Our Interviewee further stated that he preferred the present government. Although he recalled a brief period of power outage. "The new government has been able to restore and pay Teachers outstanding allowances, which the previous government cancelled. Nursing allowances has also been paid. To be frank, business is slow now, everybody is complaining. We hope with the 2018 budget, the economy will improve".
The next business owner our correspondence paid a visit, was a printer who has been in operations for 25-years. He said: "Over all, the NDC party gave me the highest point as a business owner, we paid high electricity tariffs with inconsistent supplies during the last administration, I brought stand-by plant (generator) to manage the situation. That affected cost of my service. Currently, power supply is stable, and tariff is better. However, things are slow now. I will ask that governments should use local printers like us for their printing jobs, instead of sending such works outside the county. That will empower us. Most of us can match some of the international printers in-terms of production quality, so government should empower us by giving us jobs."
Next, was a trader at the popular Markola Market; according to him, the present government is still new, hence too soon to put pressure on, or ascertain if it is ”good" or not, we have to give it two years. "I have not seen any difference between the last and present governments in terms of business.
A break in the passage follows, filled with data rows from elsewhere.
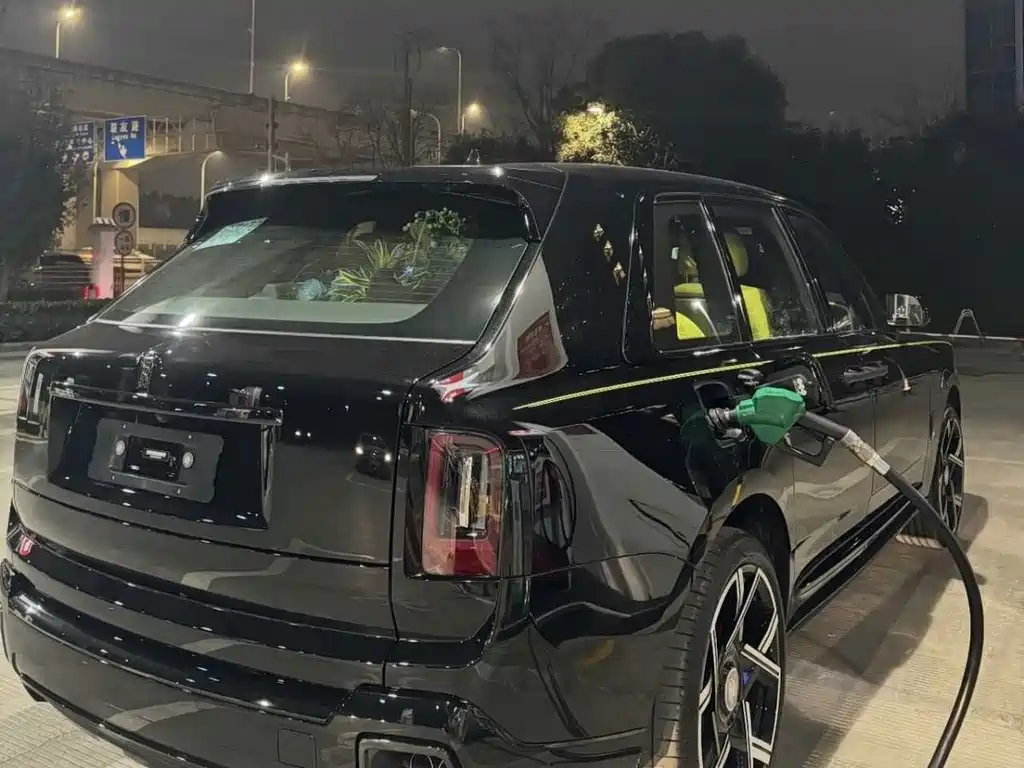 Rolls-Royce Cullinan — миниатюра 2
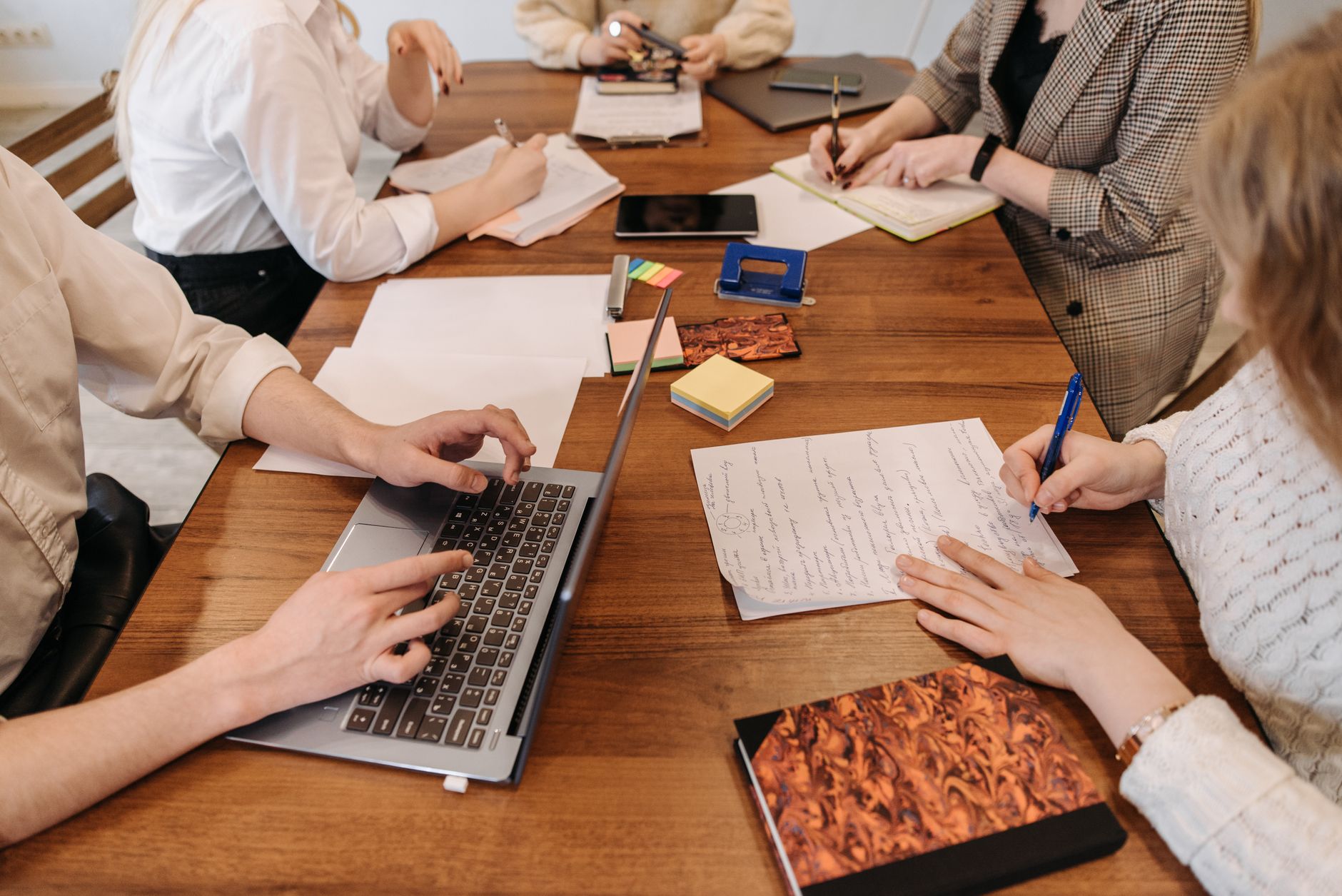How to Prompt AI to Summarize a Meeting Transcript cover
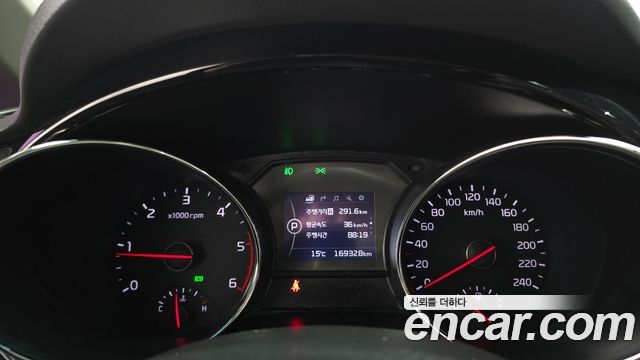 Kia Canival 2018 — photo 11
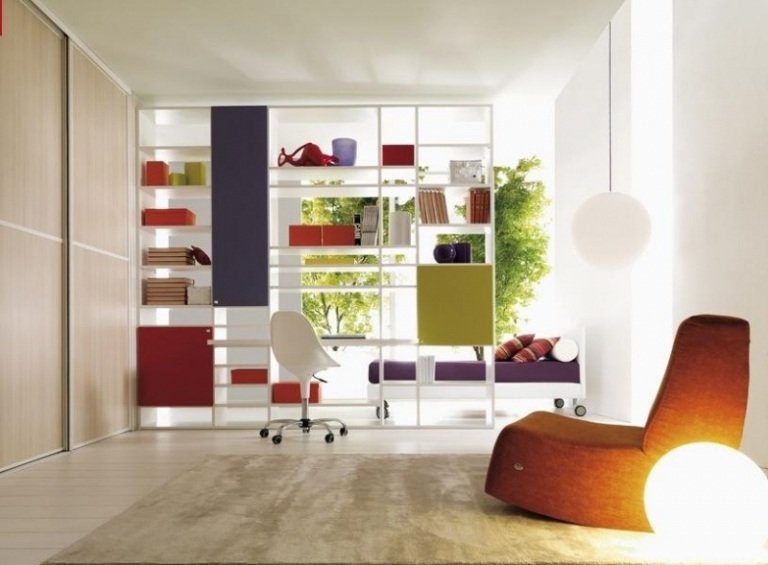 Stenový policový systém z javorového nábytku šatníkový stôl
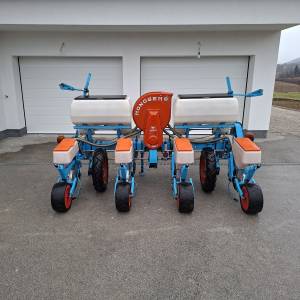 Sijačica za kukuruz MONOSEM 4 reda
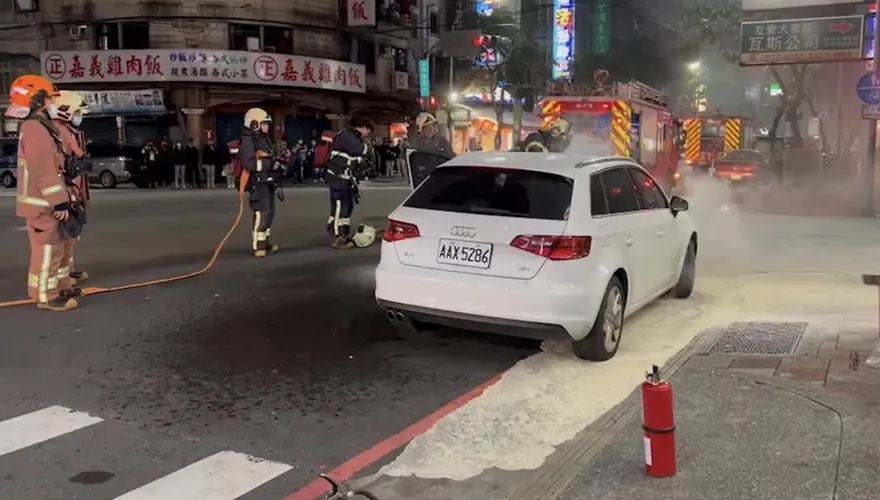 快訊/奧迪轎車行進間引擎突起火　民眾、警消合力協助撲滅火勢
This government should consider bringing down import duties; this is my major concern as a business owner. I will equally like electricity tariff to be further brought down. There is a complain of hike in the price of petrol, it should be brought down. I will want to see construction of new roads, and re-construction of bad roads. In Ablekuma, where I live, we buy clean water. I will like the government to construct clean pipe borne water for us. Ghanaians love education, and the present government has done well, so far in that sector. But I will like this government to invite the individuals pointed in connection to corruption in all previous administrations for questioning".
A Small scales business owner, around Adabraka said: "There is no money in the system. We hope after the budget has been approved, money will be released into the system...so that genuine cheque can be cleared. Interest rates should be stabilised, and electricity tariffs brought lower. There should be access to finance to enable us expand our businesses and employ more people. There are not much visible changes seen yet, but will time, changes will be more visible. So far, I like this policy".
Conclusively, come 2019, turns of events would either prove or refute the alarm of the nation's minority group on increased debt, which they think could return the country to an HIPC status; Or, roll in favour of the current administration's believe that the Budget and Economic Policy would propel macro-economic growth and stability.
Obianuju Mbanusi writes.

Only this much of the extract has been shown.